The ultrastructural analysis of tissues with a strong positivity for BMP 2 (OA patients) allowed us to confirm the presence of a high rate of both single satellite cells and satellite cells forming syncytium. Conversely, in muscle with low BMPs expression and muscle degeneration aspects (OP patients) we reported sparse, single, and not fused satellite cells. Moreover, the expression of BMP-2 demonstrated by ultrastructural immunogold reaction in the perinuclear area and in the fiber body of satellite cells syncytia suggests a strict correlation between BMP-2 expression and muscle regeneration capability.

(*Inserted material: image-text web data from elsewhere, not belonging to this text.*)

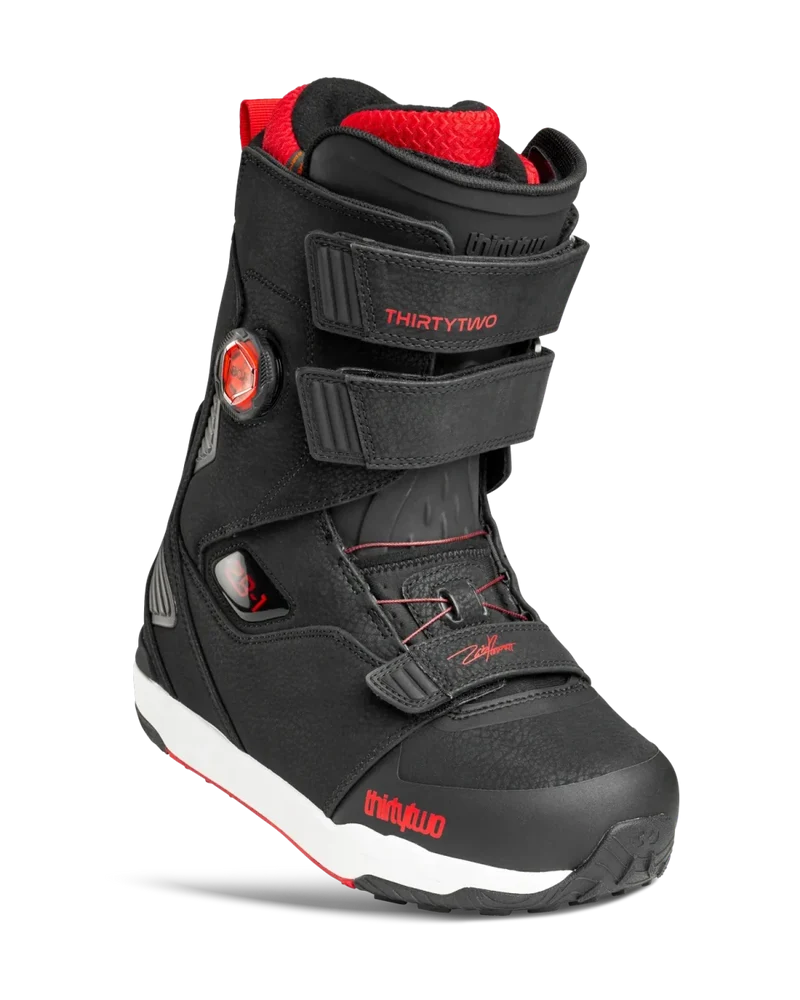Men's TM-1 ZB1 BOA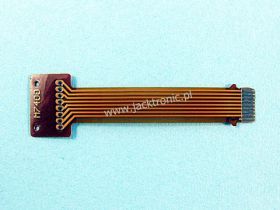 Taśma PIONEER CNP4440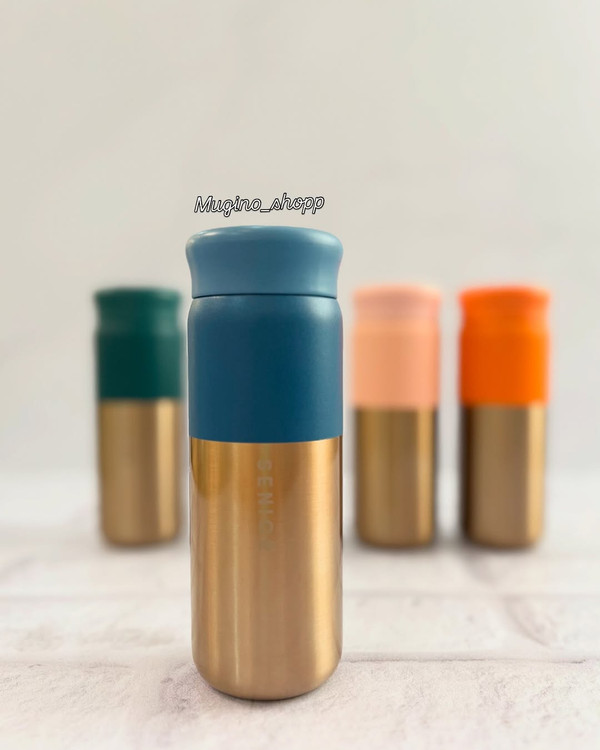 خرید تراولماگ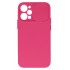 POWERTECH Θήκη Camshield Soft MOB-1943 για Xiaomi Note 12 Pro 5G, ροζ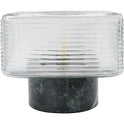 Nice Table Lamp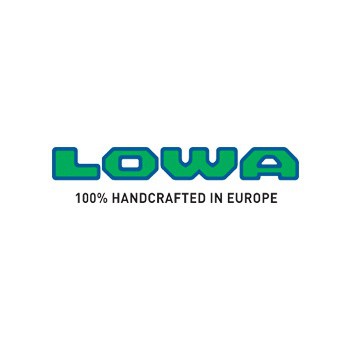 LOWA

Summing up, the higher BMP-2 expression in osteoarthritic patients could explain the increased bone mineral density as well as decreased muscle atrophy in osteoarthrosic patients. In particular, we demonstrate that BMP-2 induces skeletal muscle regeneration by activating satellite stem cells. This evidence lets us to hypothesize that endocrine failure of muscle tissue and bone mass diseases are strictly related.

5. Conclusions

The finding that both the activity of satellite muscle stem cells and bone remodelling are related to the same factors could shed new light on molecular mechanism of more relevant bone-muscle related diseases of the elderly, such as sarcopenia, osteoarthritis, and osteoporosis. From both diagnostic and therapeutic point of view, the control of physiological BMP-2 balance between bone and muscle tissue may be considered as a new pharmacological target.

Disclosure

The study is original and the paper has not been published yet and is not being considered for publication elsewhere in any language either integrally or partially except as an abstract. All authors have agreed with the submission in its present (and subsequent) forms.

Conflict of Interests

There are no potential conflict of interests related to the paper, and there were no extramural sources supporting this research.

Authors’ Contribution

Manuel Scimeca and Elena Bonanno equally contributed to the work.

Acknowledgments

The authors acknowledge ASI (Italian Space Agency) and University of Rome “Tor Vergata” (Spatial Biomedicine Center) for funding this study. It was very important to take advantage of the funds made available by the ASI because it encourages our present and further research within the project titled Multidisciplinary Study of the Effects of Microgravity on Bone Cells call number search DC-DTE-2011-033. Moreover, they wish to thank Alessio Rossato (University of Rome Tor Vergata) for helpful discussion in planning stages of the work.